IL FAUDRA REPRENDRE UNE ACTIVITE NORMALE SELON L’UMIH
« On n’a pas de visibilité, mais ce n’est la faute de personne, ni des politiques, ni des médecins, ni de l’ARS; personne n’a les clés de lecture », commente tout d’abord Laurent Tournier, le président de l’Union des Métiers et des Industries de l’Hôtellerie de Gironde qui regroupe 4000 établissements (cafés, hôtels, restaurants) avec 25 000 salariés.
« Pour l’heure et dans un premier temps, on s’occupe de confiner nos entreprises correctement, ce qui n’est pas forcément le cas":
0 chiffre d’affaire devait correspondre à 0 charge, on n’y est pas. Il faut que les banques, assureurs, bailleurs et prestataires prennent la mesure de l’événement et nous permettent de franchir le gué » Laurent Tournier, président UMIH Gironde.
« Dans un deuxième temps, le déconfinement doit être ON ou OFF; un déconfinement partiel serait dommageable pour nos établissements (on ne peut pas couper en deux le personnel ou les clients, avec limitation de 100 personnes par exemple). Il faudra reprendre une activité normale pour refaire de la trésorerie et faire repartir la machine ».
LA QUESTION DES AIDES
Quant aux aides, comment les perçoit-il ? « Les aides elles sont là mais il faut déjà bien les mettre en place. Le système bancaire est complètement engorgé par les fortes demandes de prêts, il y a une demande extraordinaire et le problème c’est la réponse.
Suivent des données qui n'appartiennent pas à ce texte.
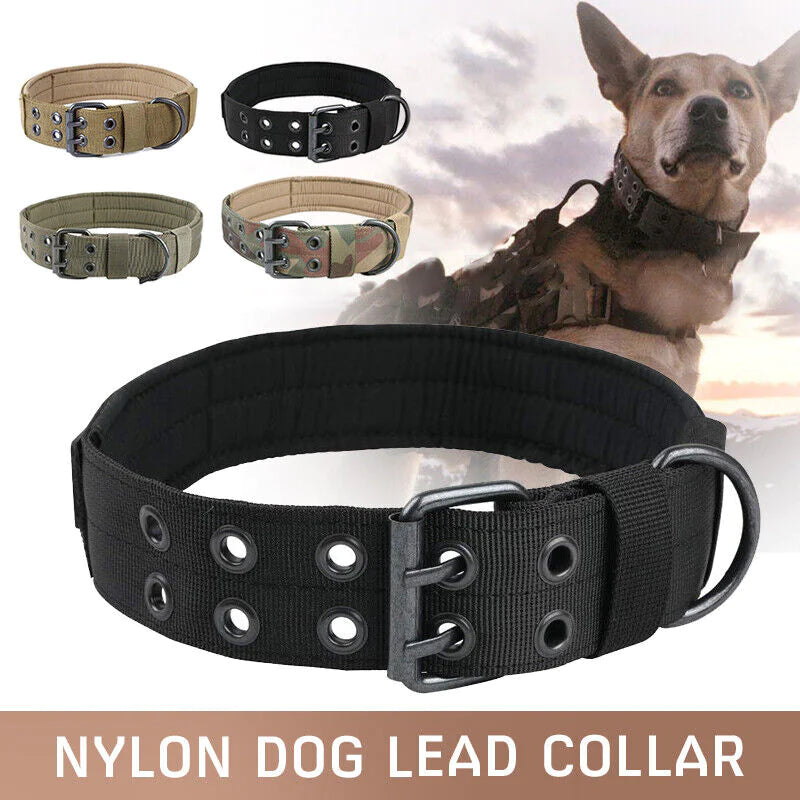 Heavy Duty Dog Collar K9 Military With Metal Buckle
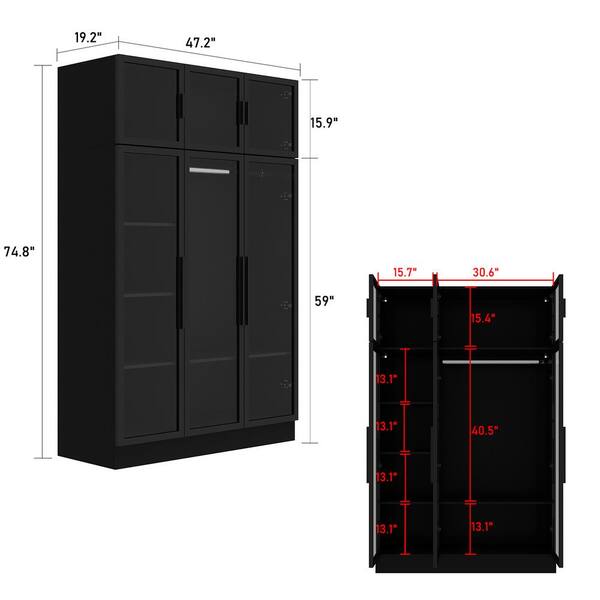  Hitow Wardrobe Armoire Closet with Glass Doors & LED Light  Strips, Wooden Large Display Cabinet with 5 Tiers Shelf & Hanging Rod,  Modern Bedroom Armoire Clothes Organizer, Black 47.2 W 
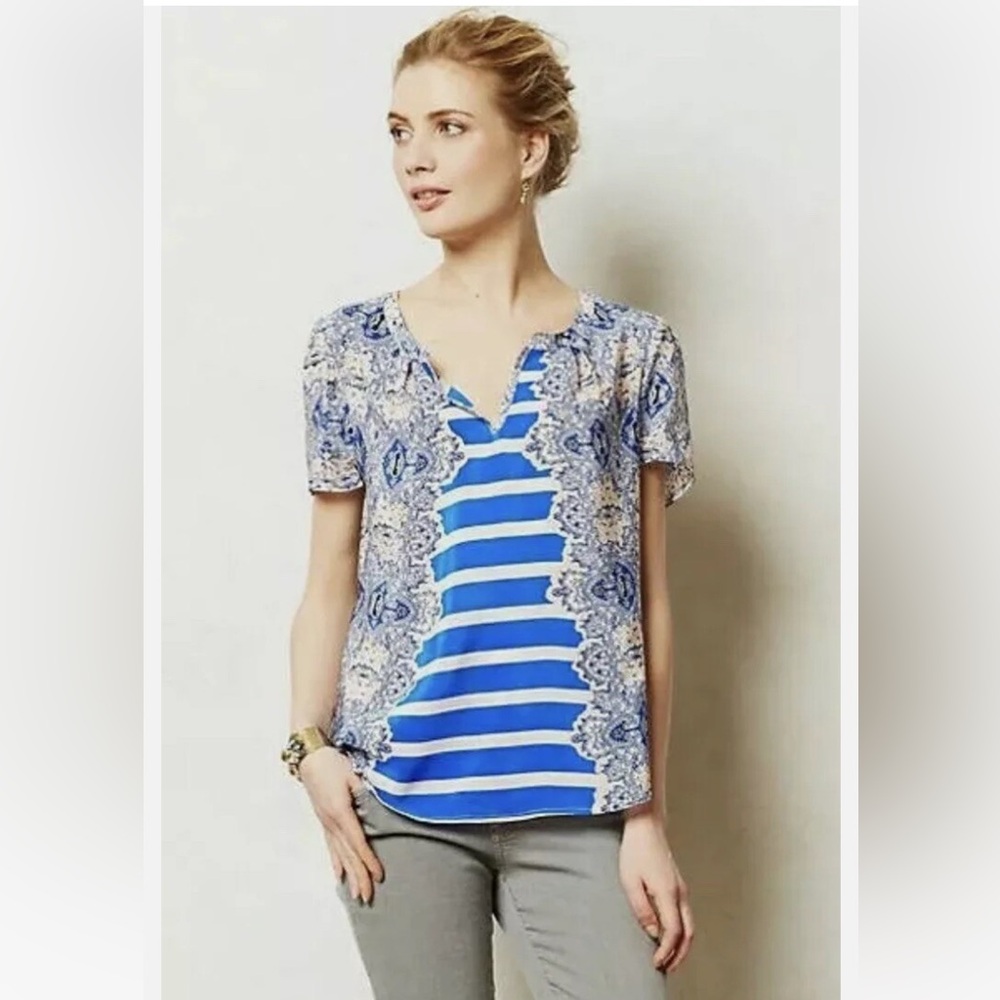 Anthropologie maeve silk v neck top size XS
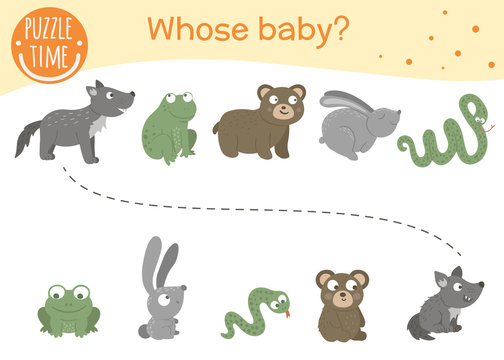 Whose baby matching activity for preschool children. Connect the animal with its baby. Funny woodland game for kids. Logical quiz worksheet..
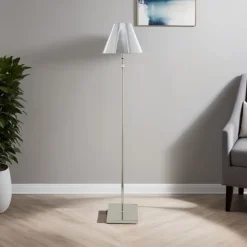 Lustre Polished Chrome LED Rechargeable Floor Lamp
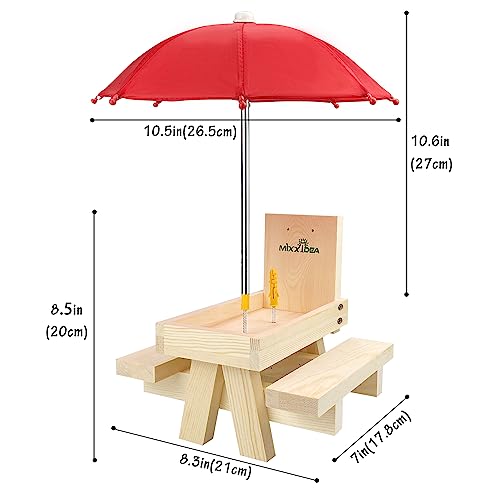 Squirrel Feeder Table with Umbrella, Wooden Squirrel Picnic Table Feeder, Sturdy Squirrels Feeder Corn Cob Holder, with Solid Structure and 2 x Thick Benches(1pk) - color: 1-Red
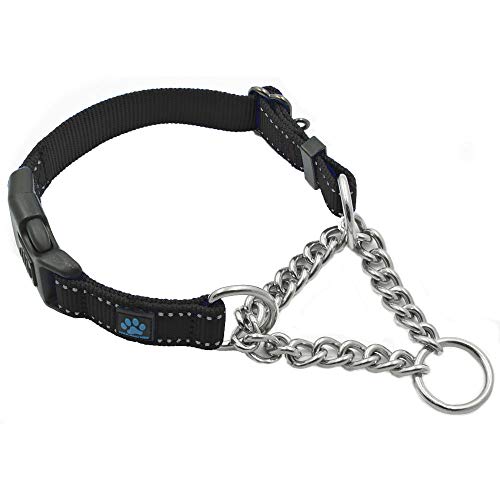 Max and Neo Stainless Steel Chain Martingale Collar - We Donate to a Dog Rescue for Every Collar Sold (Small, Black) - color: BLACK, size: Small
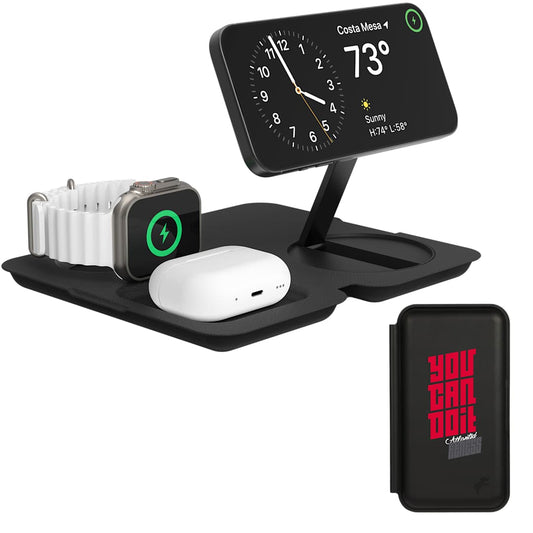 Front View of Black Nimble Fold 3-in-1 Wireless Charger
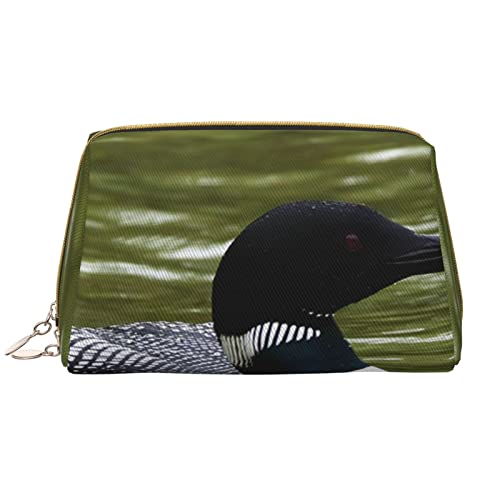 Trousse de maquillage en cuir blanc avec fermeture éclair et motif oiseaux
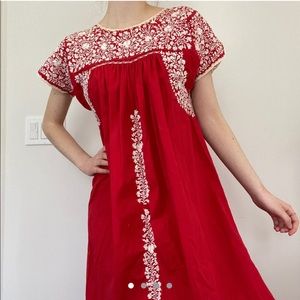 red embroidered flowy dress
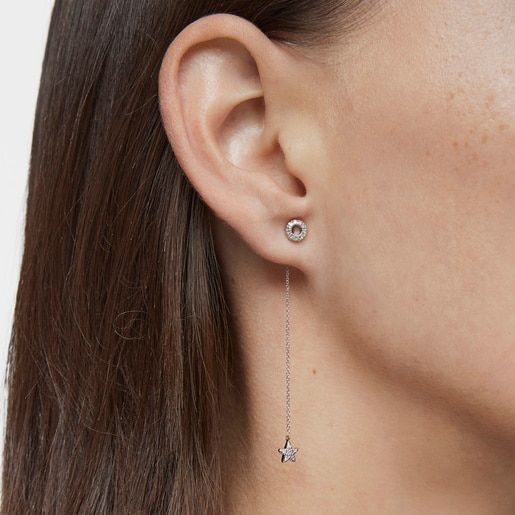 Long white-gold star Single earring with diamonds TOUS Grain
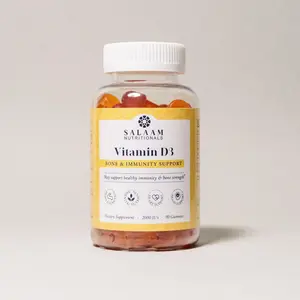 Salaam Nutritionals Halal Vitamin D3 2000 IU Gummies 90 Count Chewable for Bone Muscle & Immune Support Non GMO Gluten Free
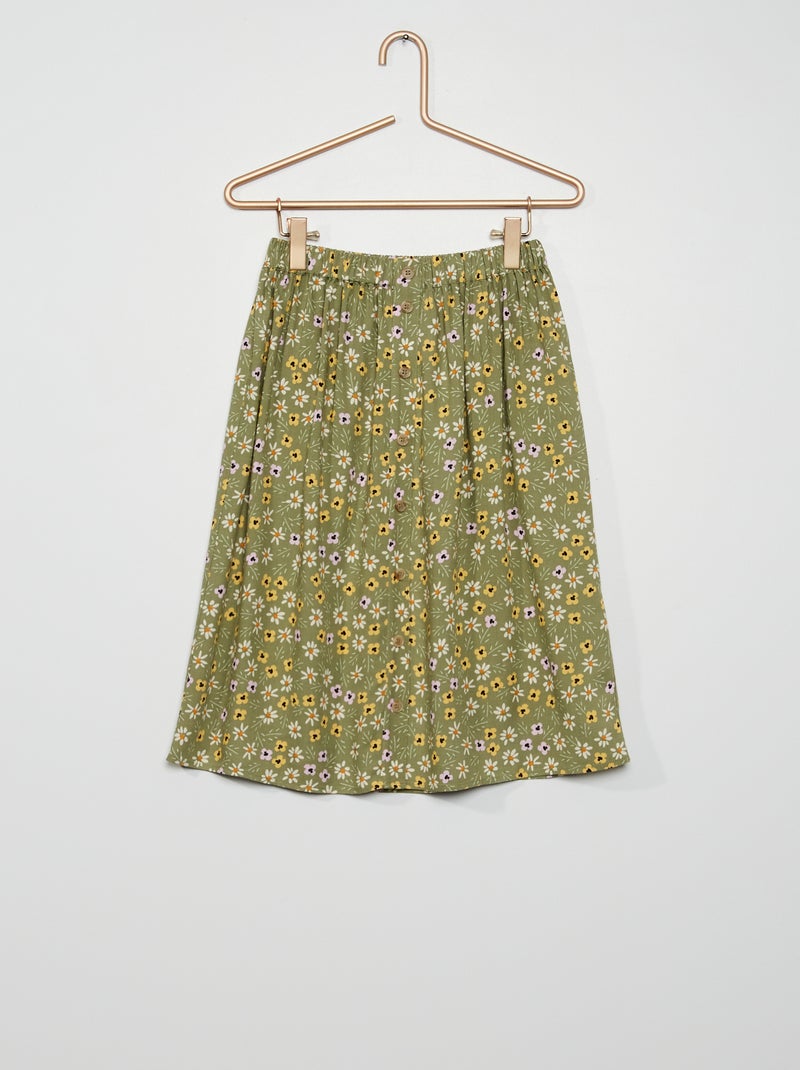 Jupe midi 'fleurie' vert - Kiabi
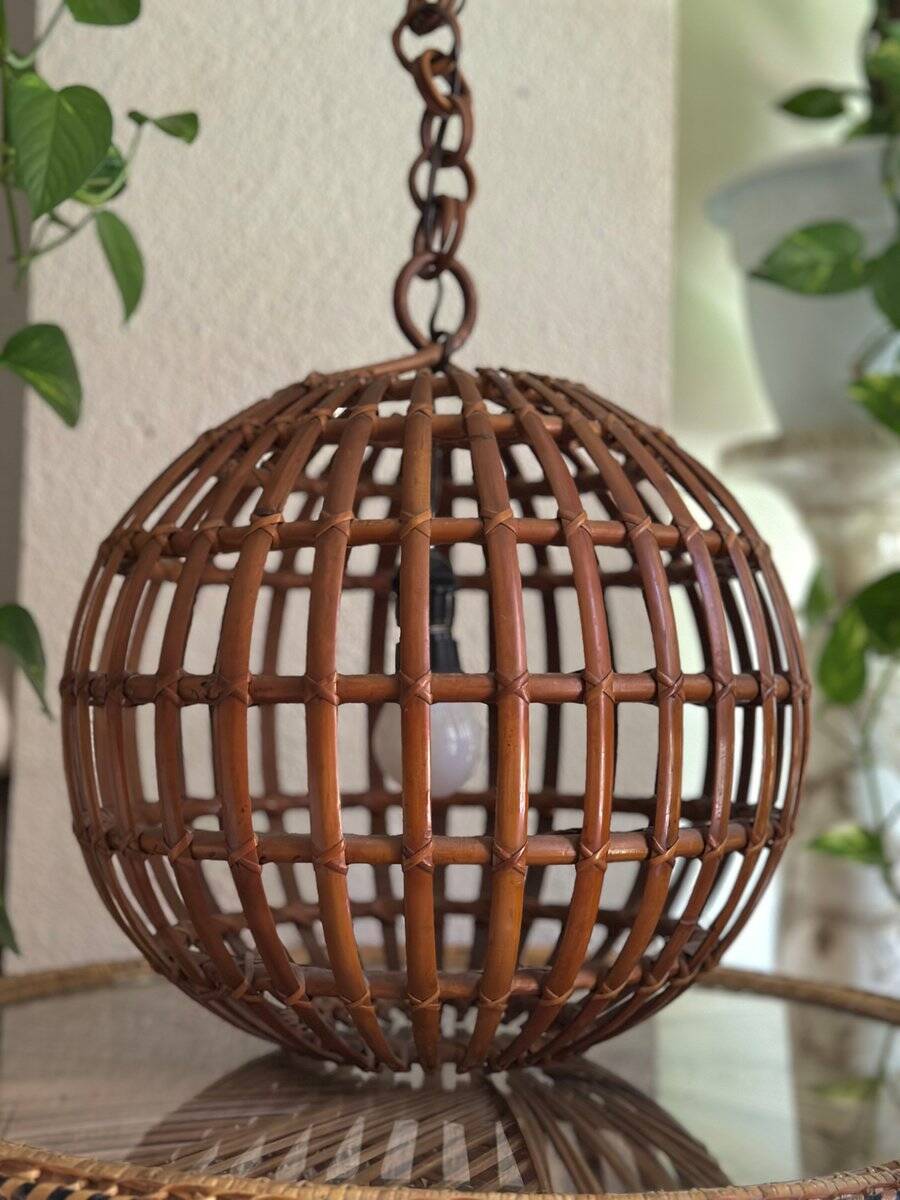 Large Italian spherical wicker pendant light, 1950s.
Aujourd’hui tout le monde n’a pas droit aux prêts et notamment au prêt d’Etat, les banques font un tri entre les bonnes entreprises et les moins bonnes, des entreprises déjà fragilisées depuis plus d’un an à cause des mouvements sociaux des gilets jaunes et des retraites".
On milite pour que tous les petits dossiers inférieurs à 30000€ soient acceptés, mais aussi pour une exemption totale de charges » Laurent Tournier, président UMIH Gironde.
Il est clair que la réouverture doit être accompagnée, avec des aménagements et un vrai plan de relance, « l’Etat a fait un gros travail en mettant nos salariés au chômage partiel, mais nos entreprises ont encore 15% de charges fixes.Il faut que cette partie-là soit prise en charge par les assurances, l’Etat, des prêts bancaires pour ne pas mettre à mal nos entreprises. C’est pour cela que l’on demande un exemption ou un allégement des charges pour faire face à la reprise. »
« En général au printemps, l’été et à l’automne c’est là qu’on engrange une bonne partie de trésorerie, mais quand on impacté un tiers ou la moitié, cela va faire défaut en janvier ou février quand nos entreprises sont en veille. On n’échappera pas à des mesures d’accompagnement pour éviter cet hiver trop rigoureux et que certaines entreprises ne fassent défaut… »La vraie casse va intervenir avec les plus fragiles. ma peur est davantage tournée vers l’hiver prochain » Laurent Tournier, président UMIH Gironde.
Le Président de l’UMIH national a interpelé ce matin le Ministre de l’Economie Bruno Le Maire à ce sujet ainsi que Jean-Baptiste Lemoyne secrétaire d’Etat auprès du Ministre de l’Europe et des Affaires Etrangères.
Quant aux restaurateurs, ils préparent déjà le jour de réouverture « on va faire une carte plus réduite et baisser les prix sur certains vins, et on va relancer comme cela », confie Hervé Valverde du Bistro du Sommelier.